Despite it’s disreputable status, Jutoro managed to be relatively stable and secure. There was an unspoken agreement that, although in person fights were perfectly acceptable ways to solve a dispute, the outpost was off limits for anything on a grander scale. Remarkably, it was in a good state of repair, for the most part. Sure, there were zones you couldn’t enter without an oxygen suit, and one entire section didn’t have an outer wall, but that was more due to neglect by former inhabitants than anything else. Jutoro was popular amongst those unaffiliated with the Interplanetary Association as this made for more relaxed requirements – both in trade and in personal conduct. There was definitely a criminal element, but the outpost was largely a ‘live and let live’ environment. Safe, by independent outpost standards.

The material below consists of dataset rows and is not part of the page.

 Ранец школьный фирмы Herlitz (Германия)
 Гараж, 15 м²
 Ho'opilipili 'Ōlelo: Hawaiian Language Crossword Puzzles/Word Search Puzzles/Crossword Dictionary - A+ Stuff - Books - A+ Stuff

It was often said that if you couldn’t buy it at Jutoro, it was probably a legitimate purchase. That said, there wasn’t much you couldn’t find – in one form or another. Between the market concourse, the vessel hangars and the back alley deals there was a buzzing atmosphere. Goods, services and information; all available for the right price and, crucially, with few questions. Usually.

“Name?”

“Do you really need…”

An eyebrow crept up. “I don’t sell to strangers. Name?”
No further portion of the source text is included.